[
https://issues.apache.org/jira/browse/ZOOKEEPER-4425?page=com.atlassian.jira.plugin.system.issuetabpanels:comment-tabpanel&focusedCommentId=17459705#comment-17459705
]
Mate Szalay-Beko commented on ZOOKEEPER-4425:
---------------------------------------------
I see some points why this would be useful, but on the other hand this will not
solve the "problem" described above. The snapshots are not enough by themselves
to restore the state, you always need the snapshots and the write-ahead-logs
(aka. "transaction logs"). See:
https://zookeeper.apache.org/doc/r3.7.0/zookeeperAdmin.html#sc_dataFileManagement
bq. The snapshot files stored in the data directory are fuzzy snapshots in the
sense that during the time the ZooKeeper server is taking the snapshot, updates
are occurring to the data tree. The suffix of the snapshot file names is the
zxid, the ZooKeeper transaction id, of the last committed transaction at the
start of the snapshot. Thus, the snapshot includes a subset of the updates to
the data tree that occurred while the snapshot was in process. The snapshot,
then, may not correspond to any data tree that actually existed, and for this
reason we refer to it as a fuzzy snapshot. Still, ZooKeeper can recover using
this snapshot because it takes advantage of the idempotent nature of its
updates. By replaying the transaction log against fuzzy snapshots ZooKeeper
gets the state of the system at the end of the log.

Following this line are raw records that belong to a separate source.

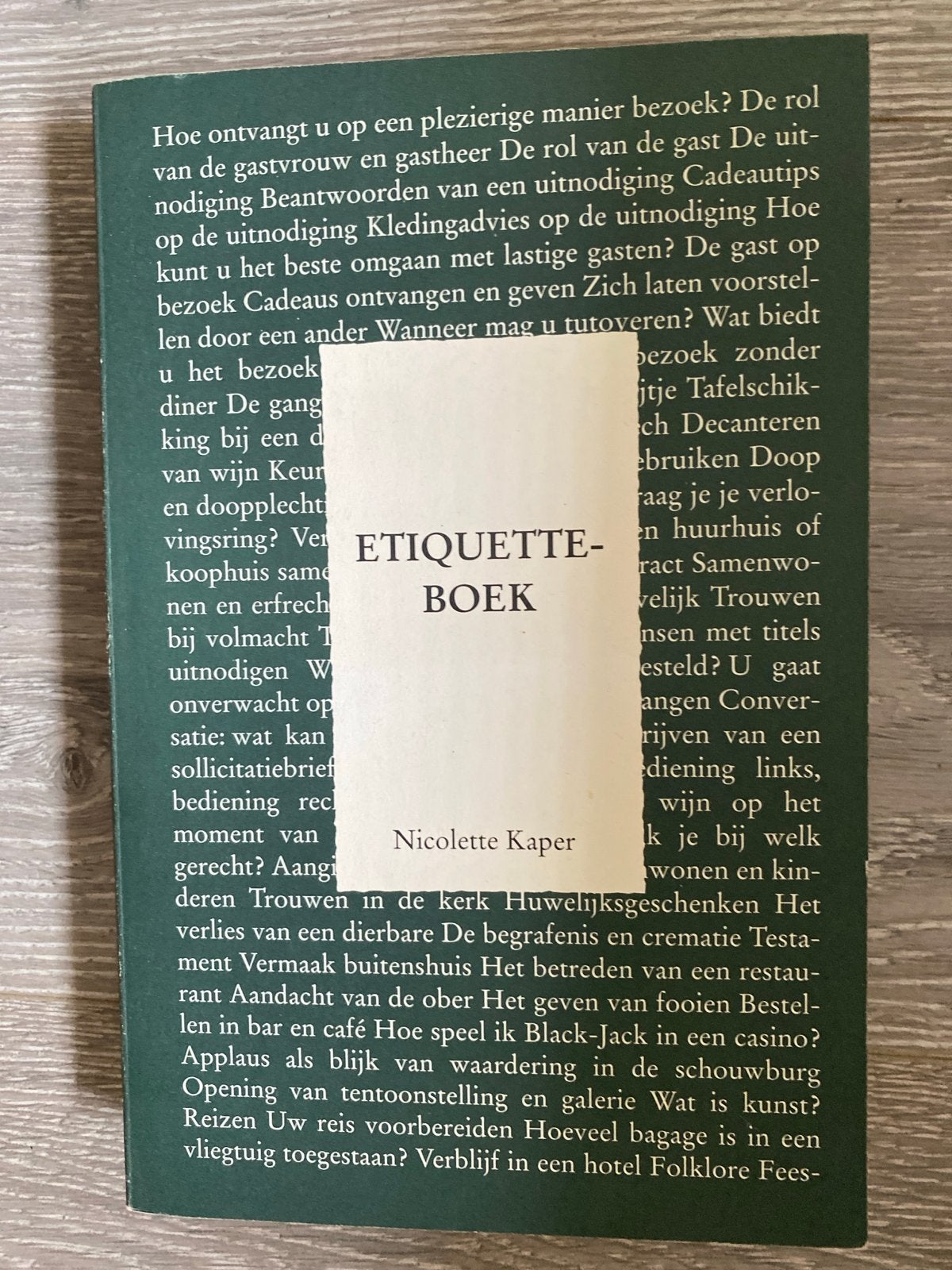 Etiquetteboek - Nicolette Kaper (1993), Ophalen of Verzenden, Gelezen, Nederland
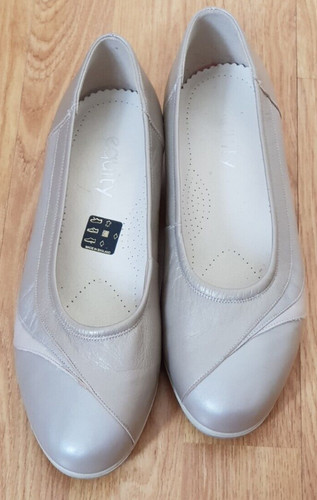 Equity comfortable shoe - comfortable,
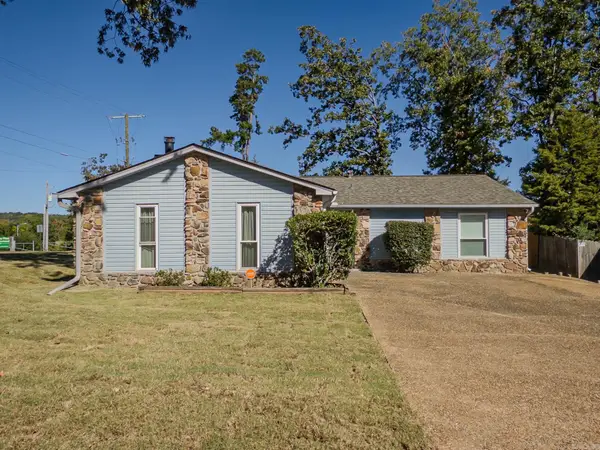 13820 Sweet Bay Dr, Little Rock, AR 72211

So in general, if you need to restore ZooKeeper, then simply you need to backup
the last snapshot, plus the transaction logs that were flushed since the time
of the snapshot creation start. (or usually just to be on the safe side, you
take the last 2-3 snapshots, plus the related transaction logs, to be sure that
you can recover even if the latest snapshot is corrupted for some reason).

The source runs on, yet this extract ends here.